Extracted information
#####

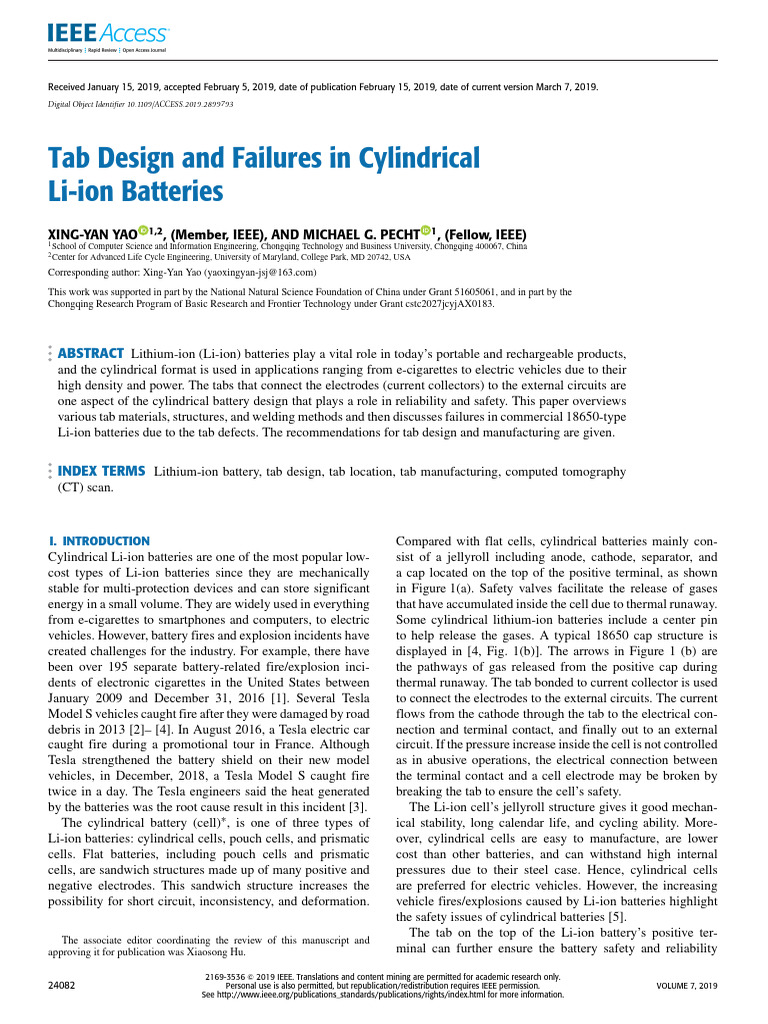 Tab Design in Cylindrical Li-ion Batteries | PDF | Lithium Ion Battery ...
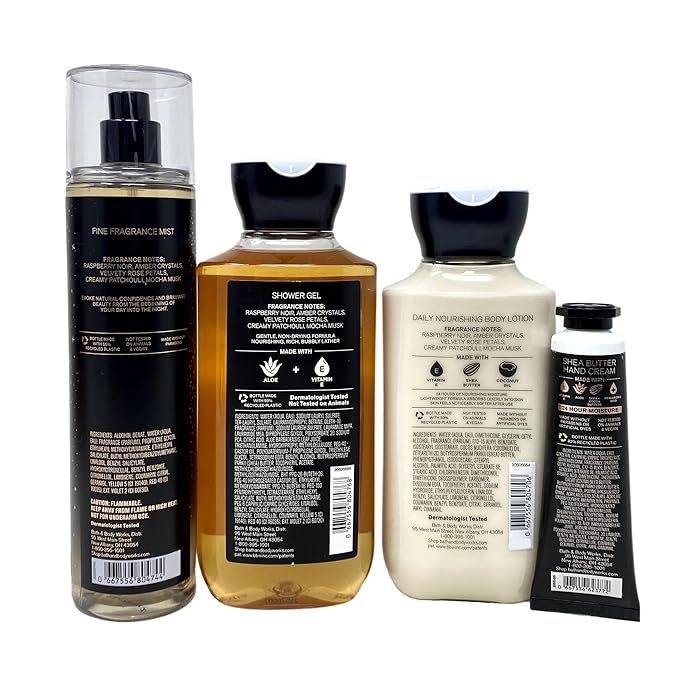 Bath & Body Works Into The Night Deluxe Gift Bag Set - Fragrance Mist - Shower Gel - Body Lotion and Hand Cream - with a Charcoal Scrub Bar Soap - Full Size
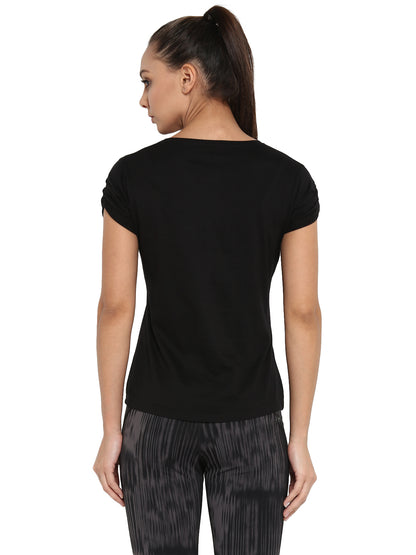 Appulse Women's Gathering sleeve Round Neck T-Shirt | Women | Premium Cotton | Activewear | Athleisure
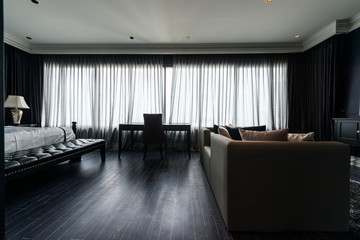 Bedroom interior. Modern bedroom in luxury apartment.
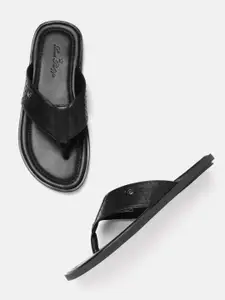 Louis Philippe Men Black Laser Cuts Comfort Sandals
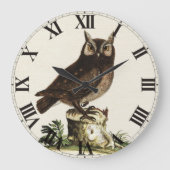 Zeichnend Vintages Owl Große Wanduhr (Vorderseite)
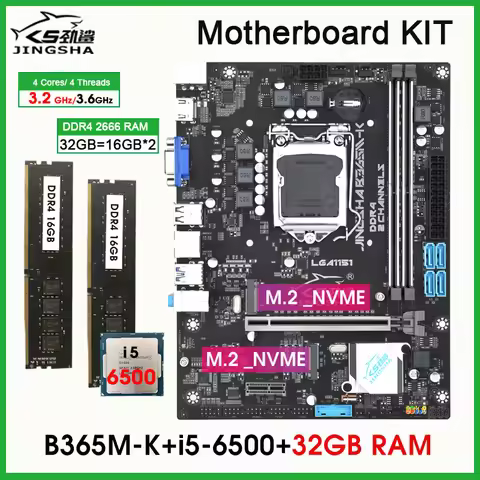 B365 M-K LGA1151 motherboard complete combo kit set with i5 6500 CPU 32GB DDR4 2666MHZ RAM placa mae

#####

Task goal
The lines from the one containing "Bedroom interior. Modern" to the last line of the records, both included: print exactly those and nothing else, leaving out any pictures.

Output for this task
 Bedroom interior. Modern bedroom in luxury apartment.
 Louis Philippe Men Black Laser Cuts Comfort Sandals
 Zeichnend Vintages Owl Große Wanduhr (Vorderseite)
 B365 M-K LGA1151 motherboard complete combo kit set with i5 6500 CPU 32GB DDR4 2666MHZ RAM placa mae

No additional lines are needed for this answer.